Please copy each line of the listing below precisely, excluding the images.

§ **EXERCISE DATA**
"""
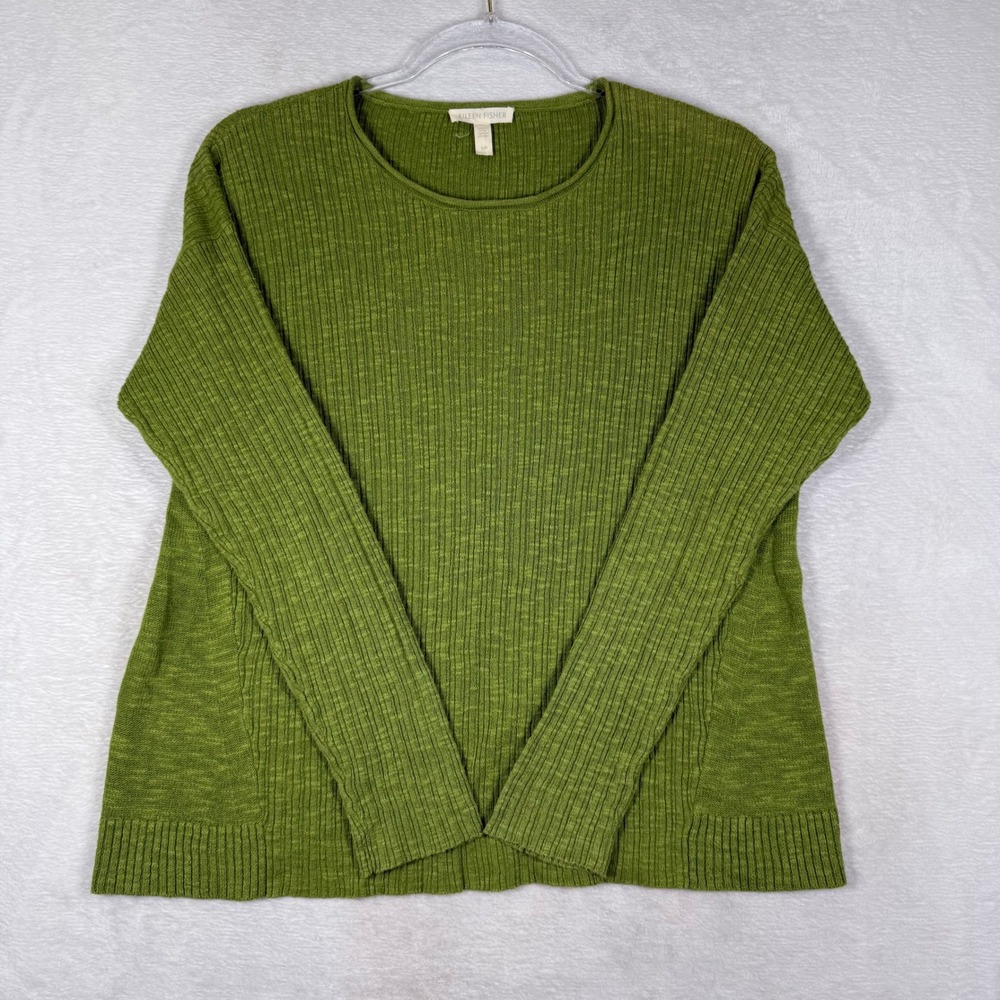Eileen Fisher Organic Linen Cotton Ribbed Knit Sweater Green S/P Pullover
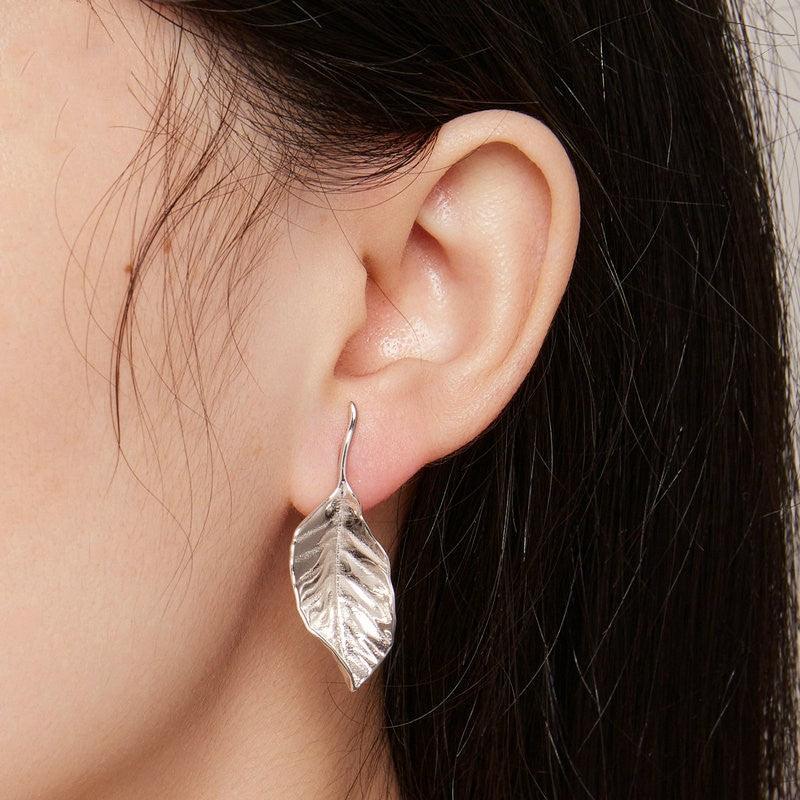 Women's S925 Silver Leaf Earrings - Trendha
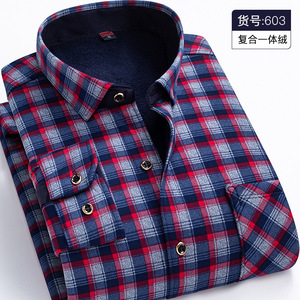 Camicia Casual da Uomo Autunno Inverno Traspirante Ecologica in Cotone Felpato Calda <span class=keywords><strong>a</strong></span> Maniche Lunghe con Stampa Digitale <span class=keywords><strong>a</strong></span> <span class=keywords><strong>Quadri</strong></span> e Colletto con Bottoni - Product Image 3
"""
§ **WRITTEN ANSWER**
Eileen Fisher Organic Linen Cotton Ribbed Knit Sweater Green S/P Pullover
 Women's S925 Silver Leaf Earrings - Trendha
 Camicia Casual da Uomo Autunno Inverno Traspirante Ecologica in Cotone Felpato Calda <span class=keywords><strong>a</strong></span> Maniche Lunghe con Stampa Digitale <span class=keywords><strong>a</strong></span> <span class=keywords><strong>Quadri</strong></span> e Colletto con Bottoni - Product Image 3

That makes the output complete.